Tolkien saw himself as Beren, the exhausted and bereaved soldier ("By 1918, all but one of my close friends were dead.") and Edith as his Tinuviel who nursed him back to health. He began composing the story of Beren and Luthien in 1917, inspired by time he and Edith spent walking in the woods, where she sang and danced for him. Tolkien remembered those days long after, later writing to his son Christopher of Edith "In those days, her hair was raven, her skin clear, her eyes brighter than you have seen them, and she could sing- and dance." The struggles of Beren and Luthien to be together are echoes of his own long and difficult courtship of Edith.

That Edith Tolkien was the direct inspiration for Luthien, and for the tale of Beren and Luthien as a whole, is made clear in letters Tolkien wrote after her death in 1971.
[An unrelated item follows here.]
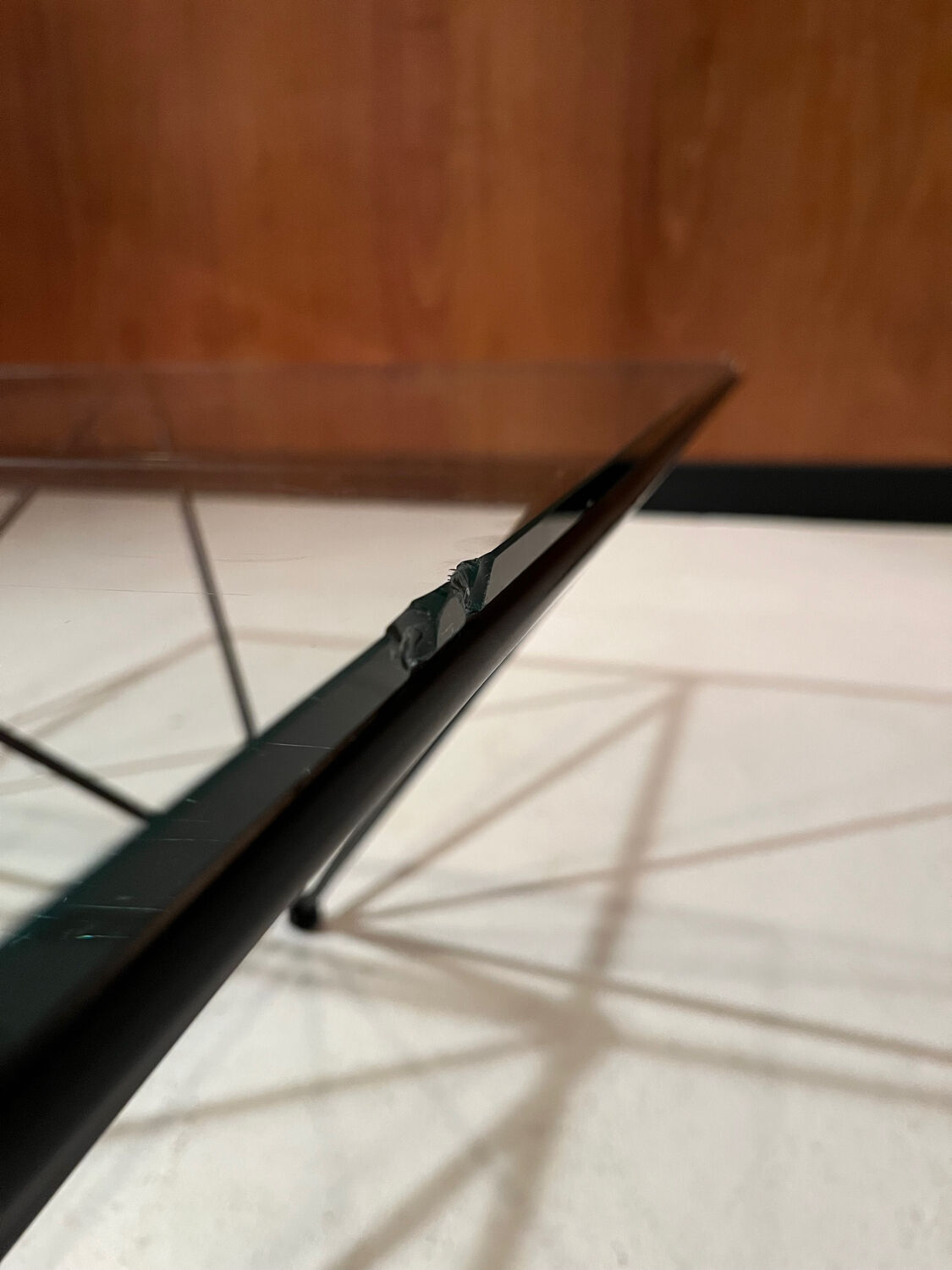 Alanda-style glass and steel coffee table from 1990.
"I met the Luthien Tinuviel of my own personal romance with her long dark hair, fair face and starry eyes, and beautiful voice. But now she has gone before Beren, leaving him indeed one-handed, but he has no power to move the inexorable Mandos.. "

"I have never called Edith Luthien - but she was the source of the story that in time became the chief part of The Silmarilion. It was first conceived in a woodland glade filled with hemlocks at Roos in Yorkshire..."

On her gravestone Tolkien had inscribed:

Edith Mary Tolkien
Luthien
1889-1971


He remarked of this inscription:

"brief and jejune, except for Luthien, which says for me more than a multitude of words: for she was, and knew she was, my Luthien."

"I hope none of my children will feel that the use of this name is a sentimental fancy ... but she was the source of the story that in time became the chief part of the Silmarillion... For ever (especially when alone) we still met in the woodland glade, and went hand in hand many times to escape the shadow of imminent death before our last parting..."

Tolkien died in 1973, and was buried in the same grave as Edith. His inscription reads:

John Ronald Reuel Tolkien,
Beren, 1892-1973




(A tip of the hat to Ms. Red, whose own musings on Tolkien's works got me thinking.)